=== Task statement ===
Go through the entries below and print, exactly, the lines starting at the one with "Solitaire Natural Earth" and ending at the one with "Febedress Adjustable Strap", keeping both ends and no others.

=== Input material ===
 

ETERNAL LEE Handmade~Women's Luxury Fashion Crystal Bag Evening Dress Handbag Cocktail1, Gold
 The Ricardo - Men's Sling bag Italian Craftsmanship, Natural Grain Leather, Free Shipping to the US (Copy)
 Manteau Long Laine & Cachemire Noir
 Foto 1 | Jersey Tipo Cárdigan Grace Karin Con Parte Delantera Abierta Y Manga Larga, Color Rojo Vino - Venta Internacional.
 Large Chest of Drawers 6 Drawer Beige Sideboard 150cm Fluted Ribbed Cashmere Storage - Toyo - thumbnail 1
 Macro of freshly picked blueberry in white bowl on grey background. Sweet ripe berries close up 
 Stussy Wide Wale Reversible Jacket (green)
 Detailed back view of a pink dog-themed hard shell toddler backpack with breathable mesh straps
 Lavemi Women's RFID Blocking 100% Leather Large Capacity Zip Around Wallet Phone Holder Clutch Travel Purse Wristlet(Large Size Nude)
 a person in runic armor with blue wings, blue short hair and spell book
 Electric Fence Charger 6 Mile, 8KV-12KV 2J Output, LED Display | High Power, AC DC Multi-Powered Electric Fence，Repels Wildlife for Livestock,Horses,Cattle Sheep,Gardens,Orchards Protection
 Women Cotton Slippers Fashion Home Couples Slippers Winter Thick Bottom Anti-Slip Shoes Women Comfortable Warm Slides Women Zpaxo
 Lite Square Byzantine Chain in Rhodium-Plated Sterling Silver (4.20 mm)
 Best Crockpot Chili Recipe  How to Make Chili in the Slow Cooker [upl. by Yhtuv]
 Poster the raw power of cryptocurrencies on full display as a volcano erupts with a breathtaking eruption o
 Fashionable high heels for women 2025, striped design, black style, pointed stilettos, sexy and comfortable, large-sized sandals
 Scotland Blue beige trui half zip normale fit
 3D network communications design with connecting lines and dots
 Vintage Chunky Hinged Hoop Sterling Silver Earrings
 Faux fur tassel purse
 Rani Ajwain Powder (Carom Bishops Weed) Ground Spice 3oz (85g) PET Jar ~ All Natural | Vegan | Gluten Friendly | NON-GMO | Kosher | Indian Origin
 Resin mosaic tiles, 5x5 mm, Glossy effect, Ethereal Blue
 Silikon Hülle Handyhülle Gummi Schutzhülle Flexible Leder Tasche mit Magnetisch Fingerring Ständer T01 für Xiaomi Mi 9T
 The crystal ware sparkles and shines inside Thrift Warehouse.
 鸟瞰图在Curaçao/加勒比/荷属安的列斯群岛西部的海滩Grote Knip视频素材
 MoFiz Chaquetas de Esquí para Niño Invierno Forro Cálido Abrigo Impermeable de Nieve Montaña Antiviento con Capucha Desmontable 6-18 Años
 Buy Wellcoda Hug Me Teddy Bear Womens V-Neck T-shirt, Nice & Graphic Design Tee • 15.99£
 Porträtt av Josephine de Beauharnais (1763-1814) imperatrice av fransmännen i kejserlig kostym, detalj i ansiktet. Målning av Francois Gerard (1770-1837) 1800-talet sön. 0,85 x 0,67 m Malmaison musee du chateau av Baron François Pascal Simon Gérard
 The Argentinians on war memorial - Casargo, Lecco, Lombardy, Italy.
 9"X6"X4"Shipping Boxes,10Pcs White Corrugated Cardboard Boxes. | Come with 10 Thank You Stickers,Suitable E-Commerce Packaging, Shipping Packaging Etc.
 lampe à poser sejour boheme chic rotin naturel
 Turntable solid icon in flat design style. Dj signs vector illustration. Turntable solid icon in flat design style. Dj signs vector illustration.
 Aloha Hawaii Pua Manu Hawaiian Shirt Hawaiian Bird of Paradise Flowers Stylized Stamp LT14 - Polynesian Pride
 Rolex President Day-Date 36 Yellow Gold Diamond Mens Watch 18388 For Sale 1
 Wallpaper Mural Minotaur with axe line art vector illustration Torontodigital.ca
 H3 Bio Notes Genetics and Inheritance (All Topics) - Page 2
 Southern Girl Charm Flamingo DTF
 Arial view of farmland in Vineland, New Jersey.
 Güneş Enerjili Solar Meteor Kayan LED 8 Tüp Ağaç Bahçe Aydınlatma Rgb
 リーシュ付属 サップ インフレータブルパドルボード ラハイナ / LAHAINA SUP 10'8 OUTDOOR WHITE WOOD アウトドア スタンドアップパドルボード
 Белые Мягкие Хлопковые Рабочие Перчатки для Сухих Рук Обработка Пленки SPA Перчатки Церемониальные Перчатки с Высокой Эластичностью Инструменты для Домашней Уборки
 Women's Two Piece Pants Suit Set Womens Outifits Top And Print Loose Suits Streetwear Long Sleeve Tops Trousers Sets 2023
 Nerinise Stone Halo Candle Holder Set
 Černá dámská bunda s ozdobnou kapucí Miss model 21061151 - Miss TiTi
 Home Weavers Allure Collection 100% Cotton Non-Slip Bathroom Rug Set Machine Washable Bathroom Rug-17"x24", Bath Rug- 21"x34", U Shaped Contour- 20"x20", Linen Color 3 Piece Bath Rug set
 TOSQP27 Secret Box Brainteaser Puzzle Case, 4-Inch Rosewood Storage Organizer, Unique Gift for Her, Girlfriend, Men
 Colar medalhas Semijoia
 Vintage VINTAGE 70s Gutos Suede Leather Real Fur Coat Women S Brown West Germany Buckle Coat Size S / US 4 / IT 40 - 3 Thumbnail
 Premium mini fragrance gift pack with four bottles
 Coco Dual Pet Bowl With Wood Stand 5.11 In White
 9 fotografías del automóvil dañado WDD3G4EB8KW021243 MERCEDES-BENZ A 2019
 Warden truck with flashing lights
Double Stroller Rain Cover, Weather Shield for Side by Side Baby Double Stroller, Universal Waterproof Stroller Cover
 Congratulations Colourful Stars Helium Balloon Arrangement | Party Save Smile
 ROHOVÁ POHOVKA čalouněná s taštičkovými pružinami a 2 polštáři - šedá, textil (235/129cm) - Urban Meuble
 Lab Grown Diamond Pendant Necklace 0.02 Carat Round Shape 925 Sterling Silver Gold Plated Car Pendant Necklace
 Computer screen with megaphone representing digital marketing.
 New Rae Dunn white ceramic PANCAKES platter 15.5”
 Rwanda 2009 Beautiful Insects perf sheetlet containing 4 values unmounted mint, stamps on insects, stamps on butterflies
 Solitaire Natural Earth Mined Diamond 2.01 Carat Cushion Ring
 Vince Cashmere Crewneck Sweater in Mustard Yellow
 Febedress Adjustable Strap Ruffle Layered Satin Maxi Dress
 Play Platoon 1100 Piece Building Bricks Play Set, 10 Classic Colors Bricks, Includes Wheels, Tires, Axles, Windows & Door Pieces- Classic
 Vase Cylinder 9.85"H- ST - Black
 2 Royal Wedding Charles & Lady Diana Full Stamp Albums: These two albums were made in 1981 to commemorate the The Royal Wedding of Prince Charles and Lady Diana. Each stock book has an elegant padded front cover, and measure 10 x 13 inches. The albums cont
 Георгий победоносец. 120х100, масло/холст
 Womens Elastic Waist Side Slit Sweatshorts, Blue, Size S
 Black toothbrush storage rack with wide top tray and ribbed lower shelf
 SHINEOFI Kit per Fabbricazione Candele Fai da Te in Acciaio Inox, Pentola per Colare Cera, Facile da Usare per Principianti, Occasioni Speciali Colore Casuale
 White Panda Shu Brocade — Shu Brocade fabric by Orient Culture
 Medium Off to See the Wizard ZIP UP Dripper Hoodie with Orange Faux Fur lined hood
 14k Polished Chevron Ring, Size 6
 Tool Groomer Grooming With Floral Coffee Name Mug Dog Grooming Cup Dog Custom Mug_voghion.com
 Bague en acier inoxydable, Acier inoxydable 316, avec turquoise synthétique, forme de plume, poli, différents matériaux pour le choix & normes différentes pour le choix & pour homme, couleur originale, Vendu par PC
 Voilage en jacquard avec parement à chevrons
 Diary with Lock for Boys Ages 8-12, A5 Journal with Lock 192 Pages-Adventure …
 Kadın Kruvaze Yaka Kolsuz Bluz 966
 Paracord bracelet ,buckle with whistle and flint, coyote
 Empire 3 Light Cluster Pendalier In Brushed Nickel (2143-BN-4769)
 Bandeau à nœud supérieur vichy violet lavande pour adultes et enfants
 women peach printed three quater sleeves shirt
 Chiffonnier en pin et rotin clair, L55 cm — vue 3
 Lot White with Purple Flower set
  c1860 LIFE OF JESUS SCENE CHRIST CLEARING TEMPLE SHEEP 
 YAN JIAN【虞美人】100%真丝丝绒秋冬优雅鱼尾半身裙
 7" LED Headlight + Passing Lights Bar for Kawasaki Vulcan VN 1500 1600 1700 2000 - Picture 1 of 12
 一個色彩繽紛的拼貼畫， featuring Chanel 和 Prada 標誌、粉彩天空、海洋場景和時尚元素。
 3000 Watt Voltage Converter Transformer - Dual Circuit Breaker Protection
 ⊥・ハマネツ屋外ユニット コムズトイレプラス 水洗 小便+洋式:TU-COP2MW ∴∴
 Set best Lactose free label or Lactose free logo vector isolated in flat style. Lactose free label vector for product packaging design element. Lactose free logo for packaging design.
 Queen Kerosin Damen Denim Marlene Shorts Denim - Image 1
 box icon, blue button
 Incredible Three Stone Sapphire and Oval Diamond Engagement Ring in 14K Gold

=== Exercise result ===
 Solitaire Natural Earth Mined Diamond 2.01 Carat Cushion Ring
 Vince Cashmere Crewneck Sweater in Mustard Yellow
 Febedress Adjustable Strap Ruffle Layered Satin Maxi Dress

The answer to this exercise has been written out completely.